──────── Source data ────────

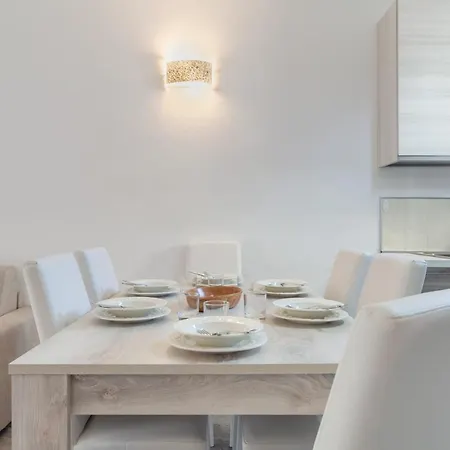 Nuova A 200 Mt Dalla Holiday home
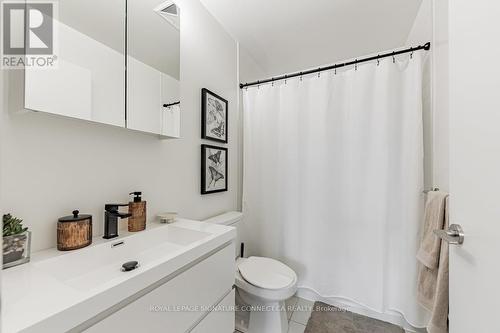 1005 - 8119 Birchmount Road, Markham, ON - Indoor Photo Showing Bathroom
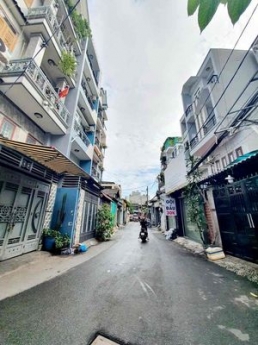 Nhà HXH thông tứ hướng, Bùi Quang Là, Gò Vấp, 4x26m, 2 Tầng, 7.x Tỷ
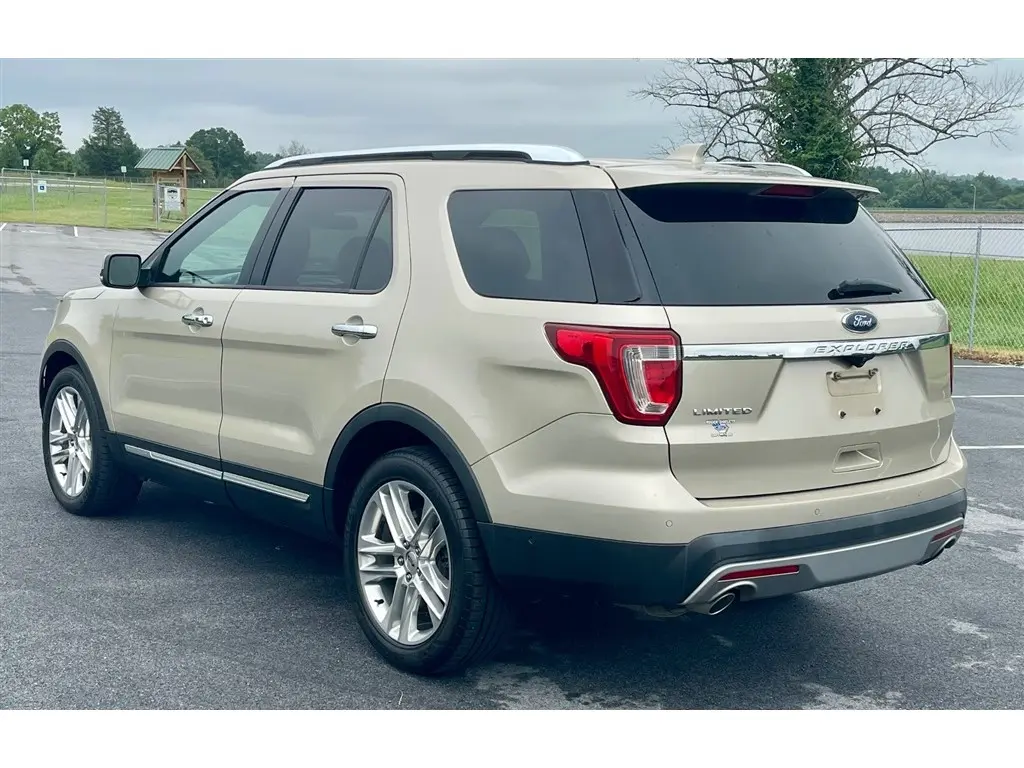 2017 Ford Explorer Limited FWD photo 4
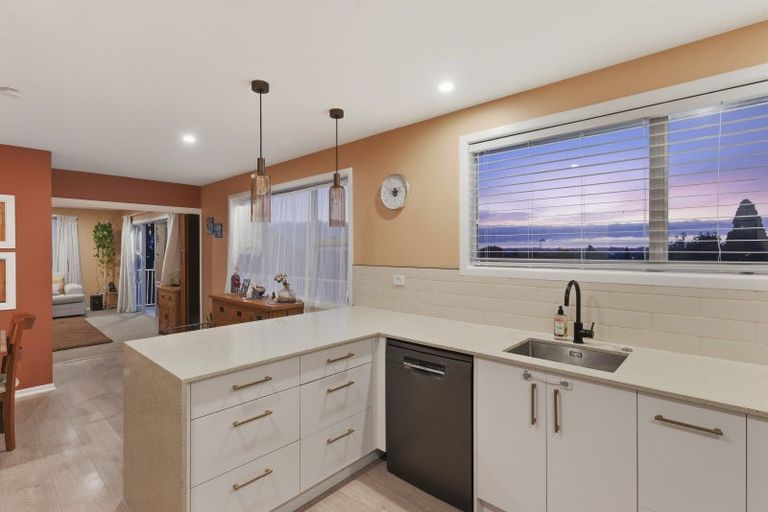 Photo of property in 27 Lancaster Street, Levin, 5510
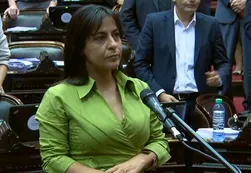 Una diputada K se equivocó de botón y votó a favor de la reforma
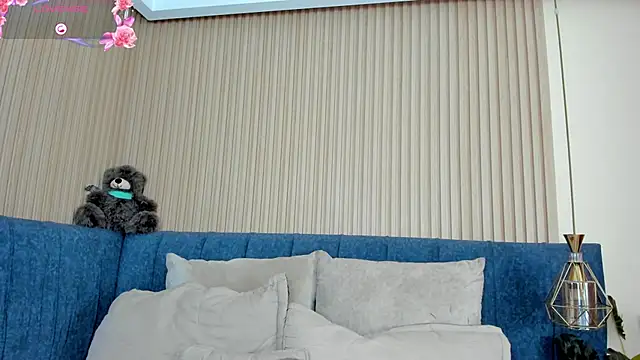 kathecute   online show from April 15, 1:50 am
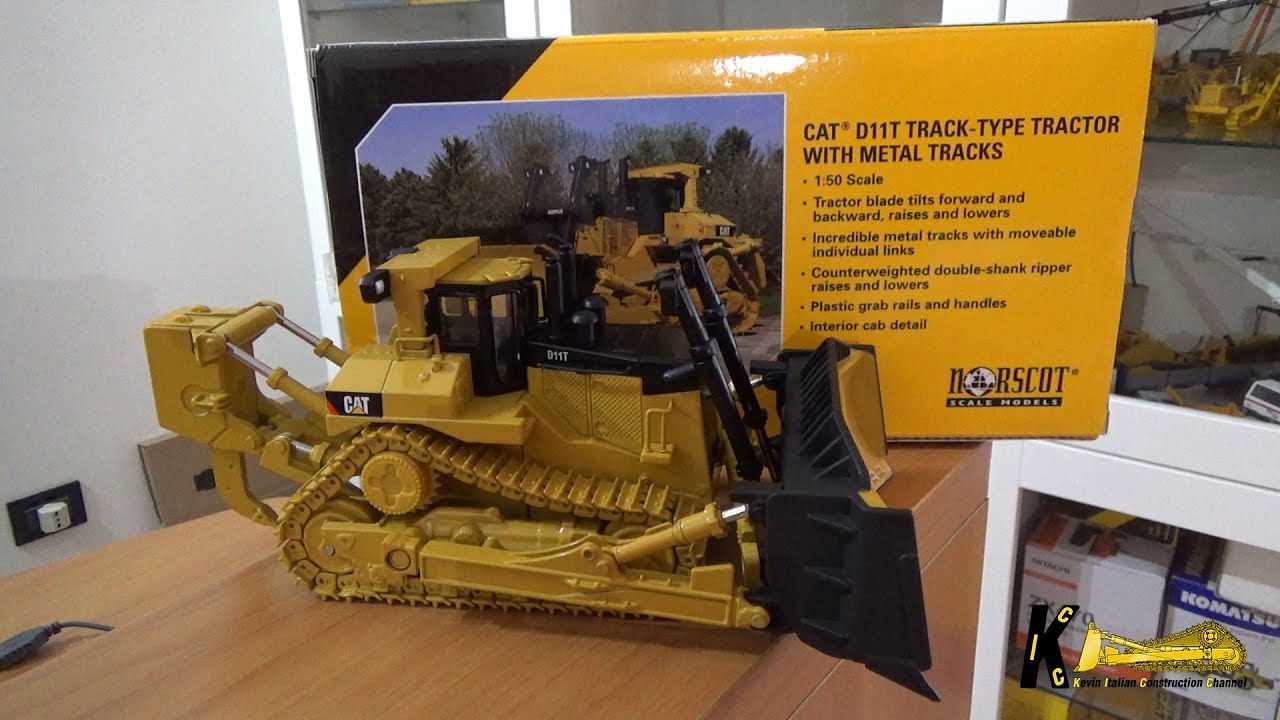 Dozer Caterpillar D11T 1:50 by Norscot Model Review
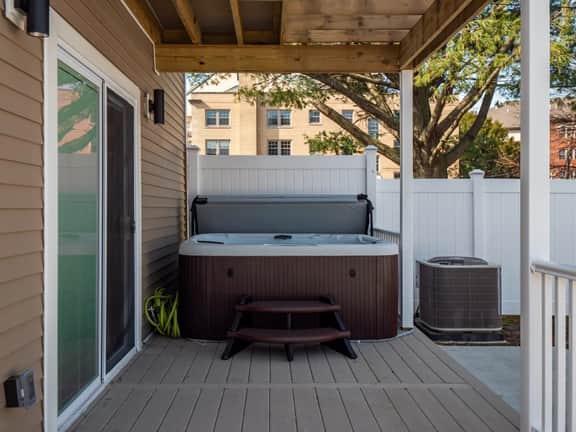 Hot Tub - N64 - Mins to Downtown - Sleeps 8 - Image 3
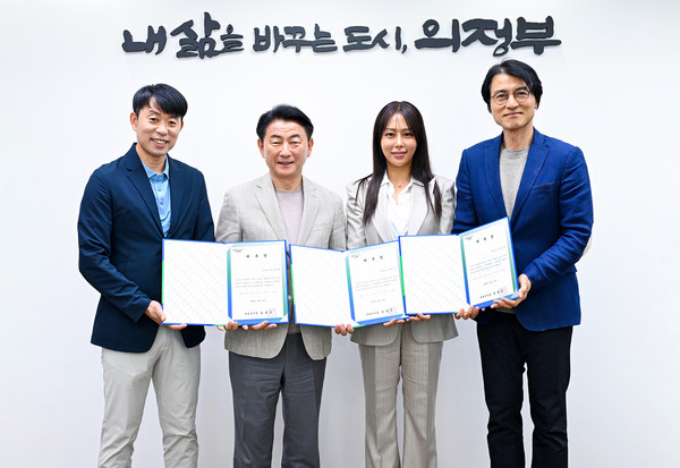 김동근 의정부시장(왼쪽서 2번째)이 지난 10일 시청에서 시청 빙상팀 감독 제갈성렬(맨 왼쪽), 배우 정의갑(맨 오른쪽), 트로트 가수 박혜신 씨(오른쪽서 2번째)를 홍보대사로 위촉하고 위촉장을 들고 사진촬영을 하고 있다. / 사진제공=의정부시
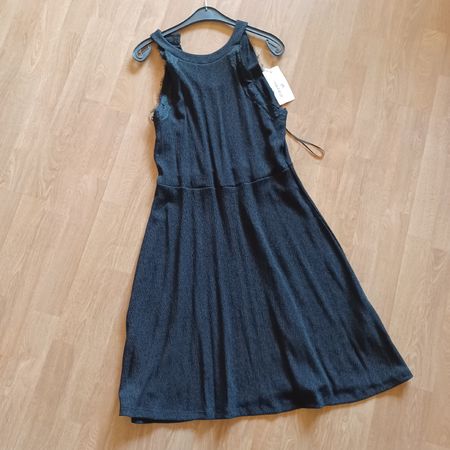 Elegantes Anna Field Kleid mit Spitzendetails Gr. 44 neu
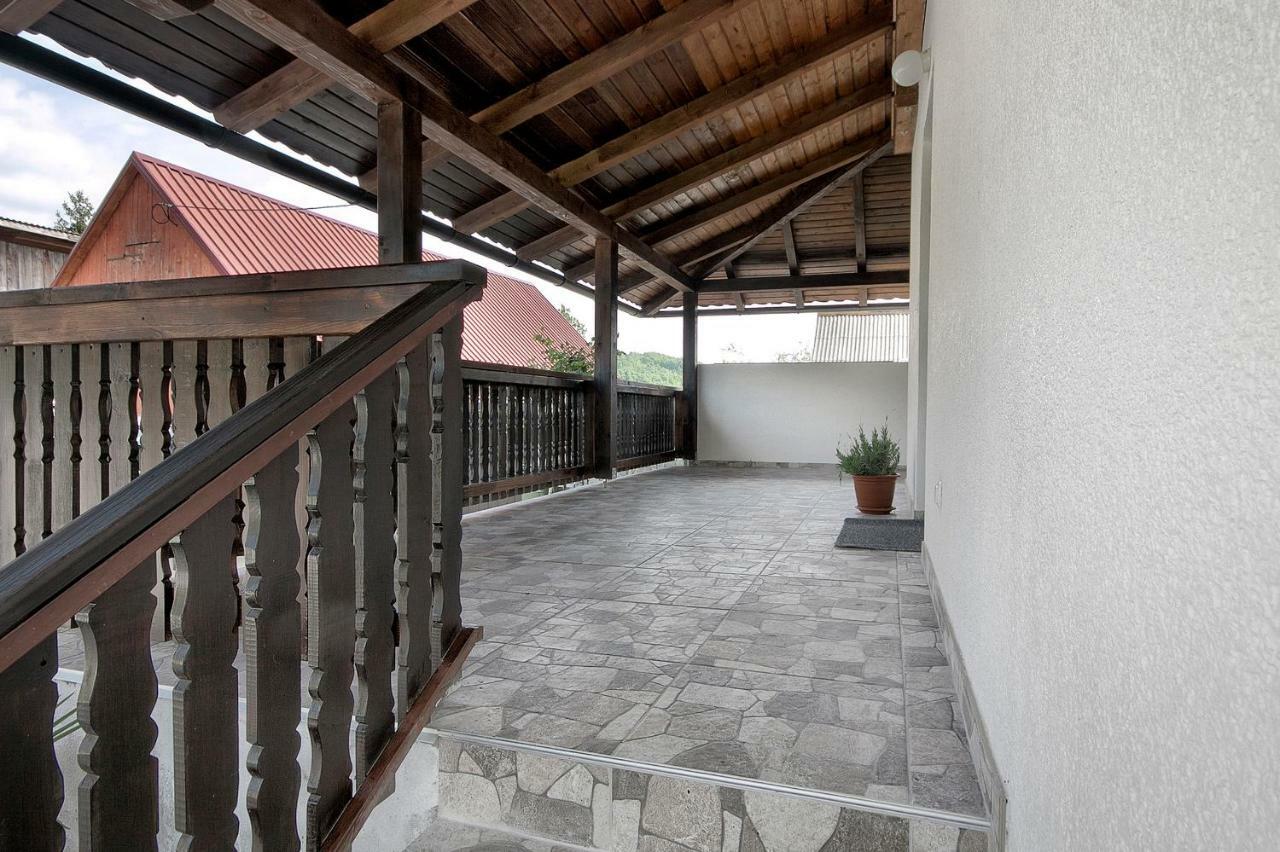 Apartments Matko Rakovica Luaran gambar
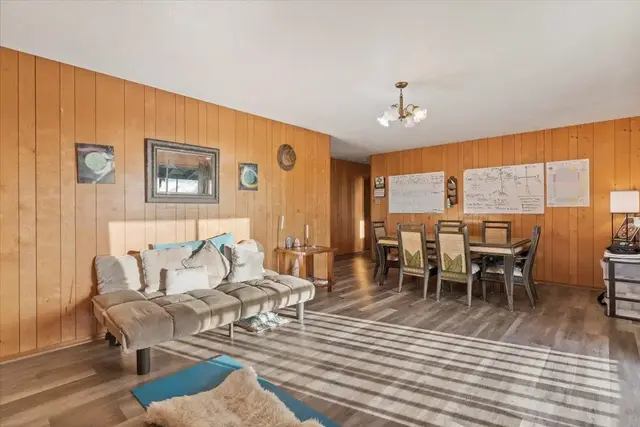 Listing Image for 8 Huina Pl 25 of 40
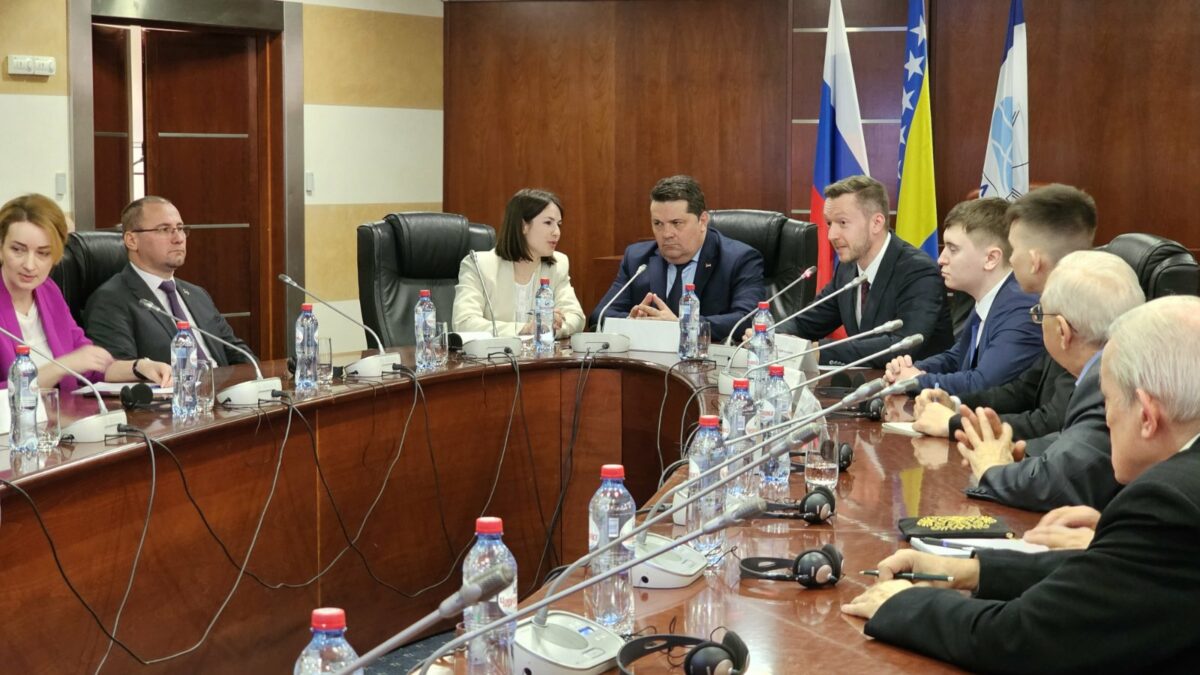 Predsjednik NSRS Nenad Stevandić održao predavanje na sjednici Balkanskog kluba Naučnog studentskog društva u Moskvi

────────

Exercise details: Copy the entries above faithfully and omit every image.

Result of this task:
 Nuova A 200 Mt Dalla Holiday home
 1005 - 8119 Birchmount Road, Markham, ON - Indoor Photo Showing Bathroom
 Nhà HXH thông tứ hướng, Bùi Quang Là, Gò Vấp, 4x26m, 2 Tầng, 7.x Tỷ
 2017 Ford Explorer Limited FWD photo 4
 Photo of property in 27 Lancaster Street, Levin, 5510
 Una diputada K se equivocó de botón y votó a favor de la reforma
 kathecute   online show from April 15, 1:50 am
 Dozer Caterpillar D11T 1:50 by Norscot Model Review
 Hot Tub - N64 - Mins to Downtown - Sleeps 8 - Image 3
 김동근 의정부시장(왼쪽서 2번째)이 지난 10일 시청에서 시청 빙상팀 감독 제갈성렬(맨 왼쪽), 배우 정의갑(맨 오른쪽), 트로트 가수 박혜신 씨(오른쪽서 2번째)를 홍보대사로 위촉하고 위촉장을 들고 사진촬영을 하고 있다. / 사진제공=의정부시
 Elegantes Anna Field Kleid mit Spitzendetails Gr. 44 neu
 Apartments Matko Rakovica Luaran gambar
 Listing Image for 8 Huina Pl 25 of 40
 Predsjednik NSRS Nenad Stevandić održao predavanje na sjednici Balkanskog kluba Naučnog studentskog društva u Moskvi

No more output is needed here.